The father did leave her and rush down to check on his boat and was promptly arrested. And the little girl was saved without a confrontation. In my world of fiction, that FBI agent understood the power of a childhood memory. A rubber boat in the bathtub. A small model boat on a lake. A thwarted childhood dream that even a great pretender couldn’t pretend didn’t exist. Yes, that is where the story is.
I often find myself humming “Thank Heaven for Little Girls” from “Gigi.” And while I hum I also think this song could not be written today. Forget PC—it’s society’s perversion of little girls that turns this lovely song into a sick parody.
Great, thought-provoking article. Good to have you back!
Thanks for letting us see how a writers mind works.
During the JonBenét Ramsey drama, it deeply bothered me that people– mostly women I know and respect– oohed and aahed and tutted how “sexy” JonBenét looked in her beauty pageant getup. She was NOT sexy. She was a little girl playing dress-up.

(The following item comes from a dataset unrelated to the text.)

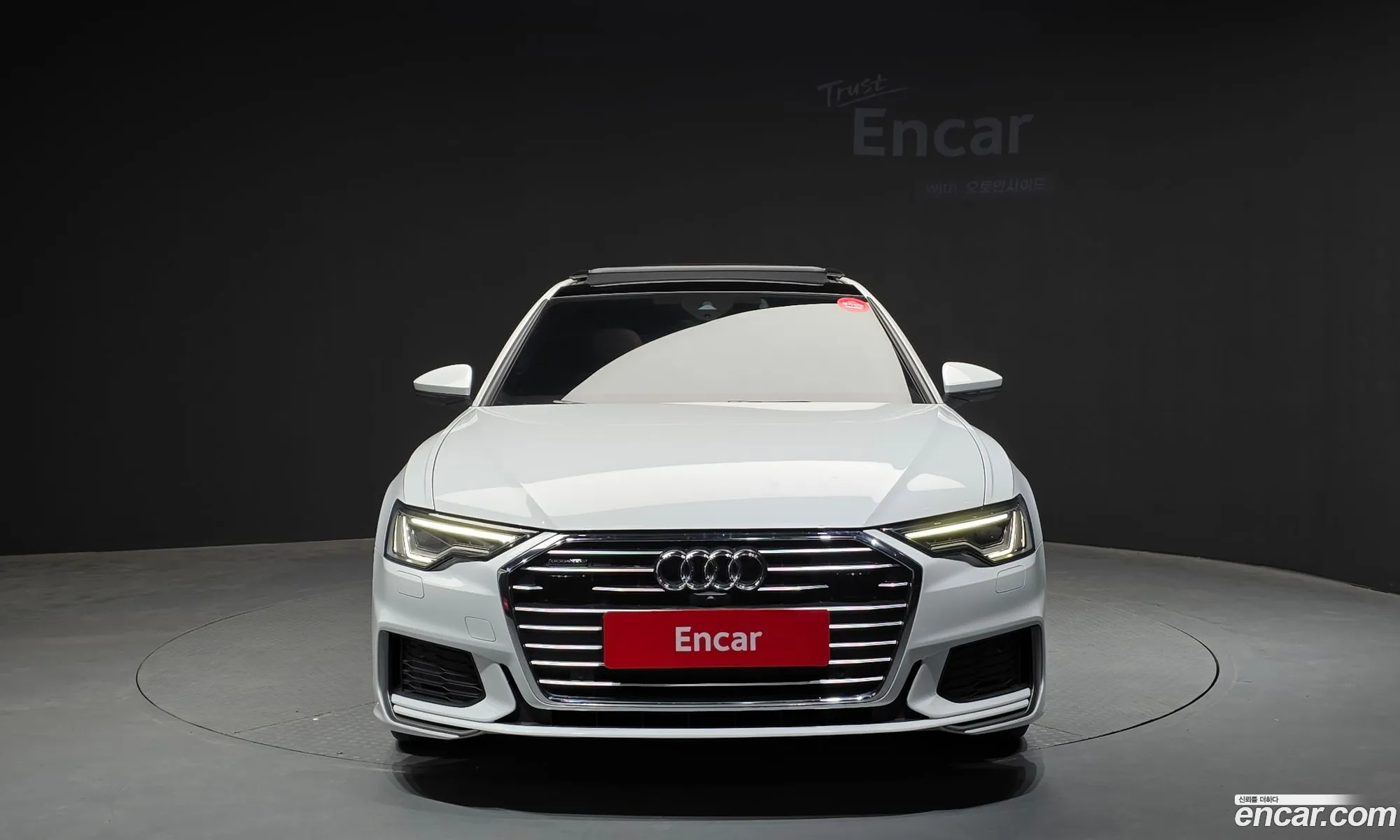 Audi A6 2022 — 23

Sexy requires knowledge, a glance, a scent, a touch, an allure that only someone a multiple of her age is capable of. Sexy is not big hair and it’s not a cowgirl outfit and it’s sure as hell not makeup.
But what troubles me, how is it both local monsters and people of otherwise common sense interpret sexy in this way?
Great article. I agree totally with Leigh on people’s interpretation of that poor kid.
I am a really big sports fiend and have been glued to the television between the Olympics and baseball (only mine is the 2008 Little League World Championship).
While I love sports and especially watching the young people exhibit their expertise, I remember the times seeing what comes close to child abuse with parents living vicariously through their children in sports (or winning beauty pageants).
I wonder why (some) children aren’t allowed to be “kids” anymore.